Trust But Verify: The Role of the Fiduciary Board

The content of this post was adapted from the Talk, “The Role of the Fiduciary Board,” authored and narrated by Rick Funston.

The vast majority of the approximately 5,300 public pension boards in the US are lay boards, and their trustees are mostly part-time volunteers.  Public pension boards are creatures of state and local governments.  By design, these boards are comprised of individuals representing various constituencies (elected, appointed, and ex officio) and are not typically investment or pension administration experts. Even if they consider themselves expert, they usually don’t have the time to be involved in day-to-day management.

These fiduciary boards are responsible for setting direction and policy, approving key decisions and plans, overseeing execution, and verifying the reliability of reporting.  Despite being lay persons, as fiduciaries they are held to the highest legal standard of care - higher than that of a corporate director.  The issues they are asked to address are long-term, highly complex, rapidly changing, and uncertain, and in many cases involve billions of dollars and affect millions of people.
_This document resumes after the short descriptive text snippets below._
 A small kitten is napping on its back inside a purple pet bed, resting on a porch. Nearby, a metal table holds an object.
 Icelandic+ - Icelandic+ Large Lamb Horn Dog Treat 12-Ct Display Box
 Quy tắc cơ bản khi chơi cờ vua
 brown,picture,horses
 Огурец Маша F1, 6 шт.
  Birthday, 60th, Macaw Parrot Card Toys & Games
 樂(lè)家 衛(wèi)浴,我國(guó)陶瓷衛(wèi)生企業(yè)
Despite being lay persons, as fiduciaries they are held to the highest legal standard of care - higher than that of a corporate director. 

These lay boards must therefore rely on their professional staff and independent advisors for guidance, execution, and verification. Based on such advice, each trustee has a duty to vote their conscience as to what is in the best interests of the beneficiaries regardless of how they came to be on the fiduciary board. 

Boards need to take the long-term view of policy issues through the lens of what’s in the best interests of the beneficiaries, i.e., to see the forest and the trees. To understand the critical role of the board, it is important to explore how boards fulfill their fiduciary duties, how they set direction and policy, when and how to delegate, and how to measure the efficacy of the board.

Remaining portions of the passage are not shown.